NEMO and RIP1 are conjugated with linear ubiquitination chains by the C-terminal RNF31 fragment. (A and C) WB analysis of immunoprecipitates (IP) from 293T cells transfected with FLAG-NEMO (A) or FLAG-RIP1 (C) and the indicated LUBAC components using anti-FLAG beads. (B and D) WB analysis of immunoprecipitates from lysates (prepared with 2% SDS lysis buffer and boiling) of 293T cells transiently transfected with the indicated plasmids using anti-FLAG beads. HS, HOIL-1 and Sharpin.

FIG 7

A cleavage-resistant RNF31 mutant enhances resistance to apoptosis. (A) MTT analysis of lysates from control KD (shCon), RNF31 KD (shRNF31), WT RNF31-reconstituted RNF31 KD (SR WT), and cleavage-resistant RNF31 mutant-reconstituted RNF31 KD (SR MT134) HeLa cells treated with TNF-α (100 ng/ml).
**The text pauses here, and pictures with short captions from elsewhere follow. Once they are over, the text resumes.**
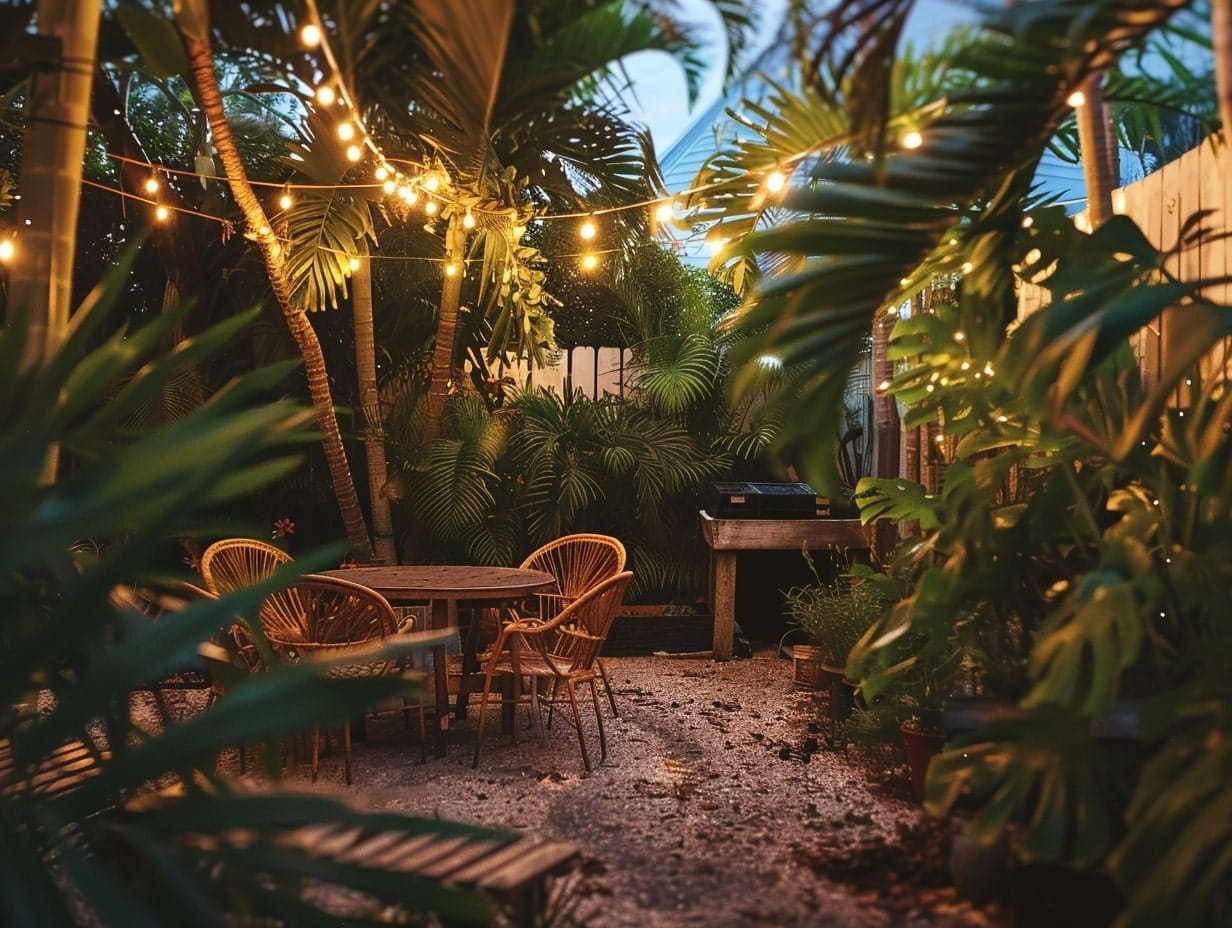 backyard garden decorated with string lights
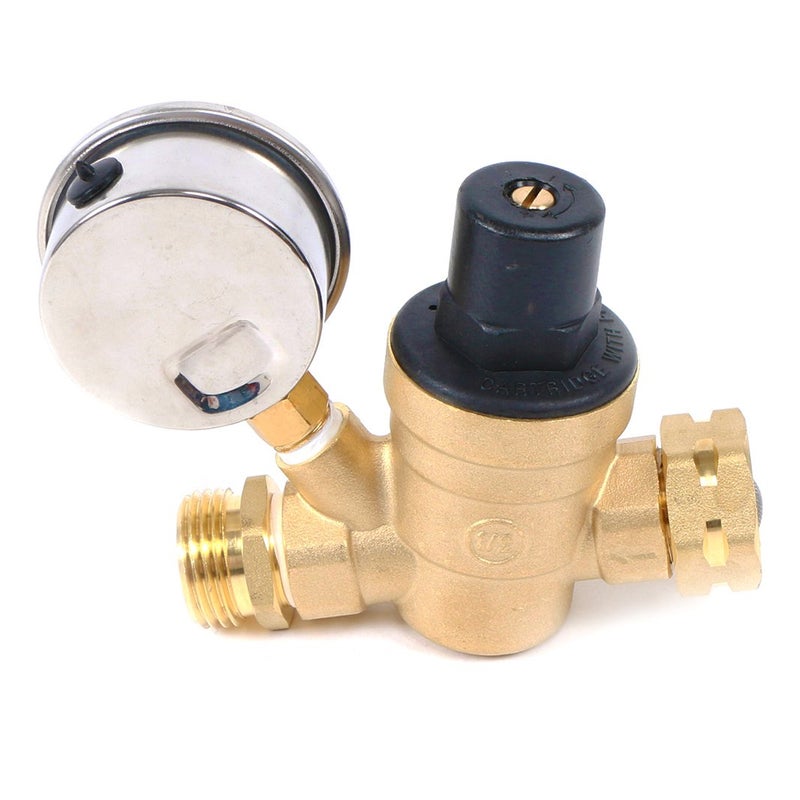 U.S. Solid 3/4" GHT RV Water Pressure Regulator, Adjustable Lead-Free Brass Water Regulator Valve with Gauge & Filter for RV, Camper & Garden Hose - Image 4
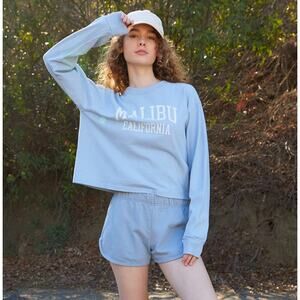 BRANDY MELVILLE John Galt Malibu California Crop Crewneck Light Blue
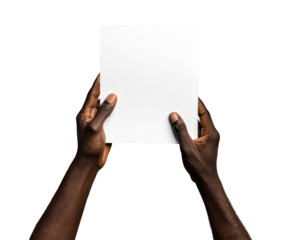 Hands holding blank white paper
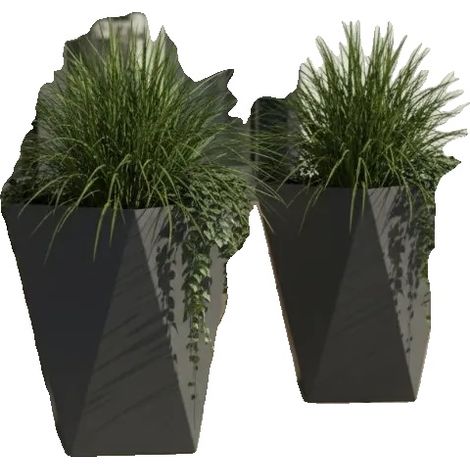 Fioriere, design moderno, struttura in metallo resistente, colore nero (1/2)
Single and double asterisks indicate significant differences at P values of <0.05 and <0.01, respectively. OD, optical density. (B) WB analysis of control, RNF31-deficient, RKO-WT, and RKO-MT134 Jurkat cells. (C) WB analysis of nuclear lysates from RKO-WT and RKO-MT134 Jurkat cells treated with TNF-α (20 ng/ml). (D) Flow cytometry analysis of Jurkat RKO-WT and Jurkat RKO-MT134 cells treated with TNF-α (200 ng/ml) for 24 h. The percentage of annexin V-stained cells is given in each panel. (E) Sensitivities to apoptosis of Jurkat RKO-WT and Jurkat RKO-MT134 cells treated with TNF-α (200 ng/ml) for the indicated periods. (F) Flow cytometry analysis of Jurkat RKO-WT and Jurkat RKO-MT134 cells treated with TNF-α (200 ng/ml) plus cycloheximide for the times shown. ns, not significant. Double and triple asterisks indicate significant differences at P values of <0.01 and <0.001, respectively. (G) WB analysis of RKO-WT and RKO-MT134 Jurkat cells stimulated with TNF-α (50 ng/ml). (H) WB analysis of control, RNF31-deficient, RKO-WT, and RKO-MT134 Jurkat cells treated with TNF-α (10 ng/ml) and CHX (10 μg/ml). (I) WB analysis of Jurkat RKO-Mock, Jurkat RKO-FL, Jurkat RKO-NT, and Jurkat RKO-CT cells stimulated with TNF-α (10 ng/ml). (J) Flow cytometry analysis of Jurkat RKO, Jurkat RKO-FL, Jurkat RKO-CT, and Jurkat RKO-NT cells treated with TNF-α (100 ng/ml) for 24 h.

FIG 8

Proposed model of the current study. Upon TNF-α stimulation, activation of the caspase cascade leads to the initiation of apoptosis. Simultaneously, NF-κB signaling is activated through the activation of the LUBAC/IKKs, which promotes cell survival by regulating gene expression. Here we report the negative regulatory loop from apoptosis to NF-κB signaling. Activated effector caspases cleave RNF31, suppressing NF-κB activation and accelerating the apoptosis process.